5 See e.g. Holmes, Hickey, and Holmes, 1991; Farrell, Keppel, and Titterington, 2011.
6 Birch, 1994, 32.
7 BBC, 2002.

 


 

Bibliography

BBC. 2002. ‘Obituary: Myra Hindley’ Available at: http://news.bbc.co.uk/1/hi/england/452614.stm

Birch, Helen. (ed.) 1994. Moving Targets: Women, Murder, and Representation. University of California Press.

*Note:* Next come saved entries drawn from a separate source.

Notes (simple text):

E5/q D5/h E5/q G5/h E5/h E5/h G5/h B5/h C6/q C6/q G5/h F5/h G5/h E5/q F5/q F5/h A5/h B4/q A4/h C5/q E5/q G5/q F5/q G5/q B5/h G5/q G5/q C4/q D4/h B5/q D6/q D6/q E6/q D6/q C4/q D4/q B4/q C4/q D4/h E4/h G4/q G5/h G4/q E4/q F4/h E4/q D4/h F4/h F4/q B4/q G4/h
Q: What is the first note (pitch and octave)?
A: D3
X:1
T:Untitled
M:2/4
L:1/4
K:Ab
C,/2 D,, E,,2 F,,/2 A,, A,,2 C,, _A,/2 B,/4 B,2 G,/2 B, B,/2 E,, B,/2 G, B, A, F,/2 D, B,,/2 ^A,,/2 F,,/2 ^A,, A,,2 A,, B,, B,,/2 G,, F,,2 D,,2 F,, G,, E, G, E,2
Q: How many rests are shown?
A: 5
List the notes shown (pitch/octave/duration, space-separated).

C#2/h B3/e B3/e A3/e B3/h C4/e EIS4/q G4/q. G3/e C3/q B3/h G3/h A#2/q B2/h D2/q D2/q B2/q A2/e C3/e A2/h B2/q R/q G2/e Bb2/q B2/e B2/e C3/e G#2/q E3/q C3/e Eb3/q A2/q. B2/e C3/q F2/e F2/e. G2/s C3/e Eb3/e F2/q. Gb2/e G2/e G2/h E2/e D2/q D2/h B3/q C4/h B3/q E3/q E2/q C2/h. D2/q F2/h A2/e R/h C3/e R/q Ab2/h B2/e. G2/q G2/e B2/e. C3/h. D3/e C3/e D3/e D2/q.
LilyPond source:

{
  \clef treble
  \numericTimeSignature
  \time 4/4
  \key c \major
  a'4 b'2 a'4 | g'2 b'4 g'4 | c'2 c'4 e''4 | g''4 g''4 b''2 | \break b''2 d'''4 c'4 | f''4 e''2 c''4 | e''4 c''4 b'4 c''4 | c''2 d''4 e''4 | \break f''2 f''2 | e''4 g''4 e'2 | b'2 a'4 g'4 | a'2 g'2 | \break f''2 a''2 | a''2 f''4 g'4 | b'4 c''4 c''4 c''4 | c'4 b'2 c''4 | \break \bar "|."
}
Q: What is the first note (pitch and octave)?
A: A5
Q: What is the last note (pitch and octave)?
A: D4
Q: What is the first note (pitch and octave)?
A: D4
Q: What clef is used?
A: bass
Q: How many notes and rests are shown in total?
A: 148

Farrell, Amanda L., Robert D. Keppel and Victoria B. Titterington. 2007. ‘Lethal Ladies: Revisiting What We Know About Female Serial Murderers.’ Homicide Studies. 15. 3. 228-252.

Frei, Andreas et al. 2006. ‘Female serial killing: review and case report.’ Criminal Behaviour and Mental Health. 16. 167-176.

Goetting, Ann. 1988. ‘Patterns of Homicide Among Women.’ Journal of Interpersonal Violence. 3. 1. 3-20.

Holmes, Stephen T., Eric Hickey, and Ronald M. Holmes. 1991. ‘Female Serial Murderesses: Constructing Differentiating Typologies.’ Journal of Contemporary Criminal Justice. 7. 4. 245-256.

Keeney, Belea T. and Kathleen M. Heide. 1994. ‘Gender Differences in Serial Murderers: A Preliminary Analysis.’ Journal of Interpersonal Violence. 9. 3. 383-398.

Yourstone, Jenny, Torun Lindholm, and Marianne Kristiansson. 2008. ‘Women who kill: A comparison of the psychosocial background of female and male perpetrators.’ International Journal of Law and Psychiatry. 31. 374-383.